__Your assignment__. In the material below, begin at the line that has "Milwaukee M12FROS2.5-0 EXCENTERES", stop after the line that has "Black 2022 GMC Canyon Denali", and transcribe those lines exactly, without pictures.

__Data records__.
▬▬▬▬▬▬▬▬▬▬

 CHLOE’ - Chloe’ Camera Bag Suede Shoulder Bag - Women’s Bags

▬▬▬▬▬▬▬▬▬▬

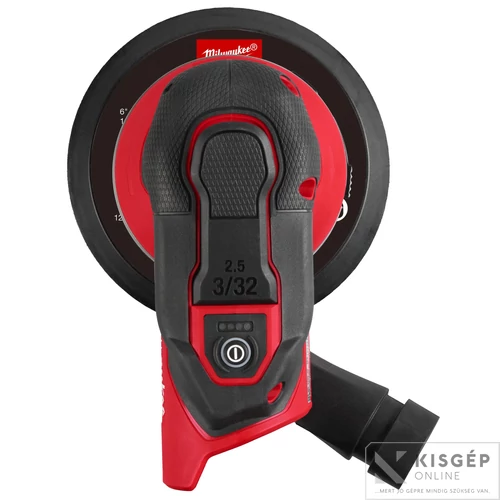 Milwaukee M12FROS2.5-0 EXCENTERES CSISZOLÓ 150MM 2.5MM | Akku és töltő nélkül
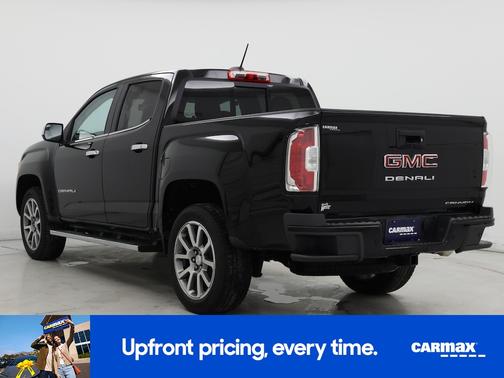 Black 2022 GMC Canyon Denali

▬▬▬▬▬▬▬▬▬▬

__Output below__.
 Milwaukee M12FROS2.5-0 EXCENTERES CSISZOLÓ 150MM 2.5MM | Akku és töltő nélkül
 Black 2022 GMC Canyon Denali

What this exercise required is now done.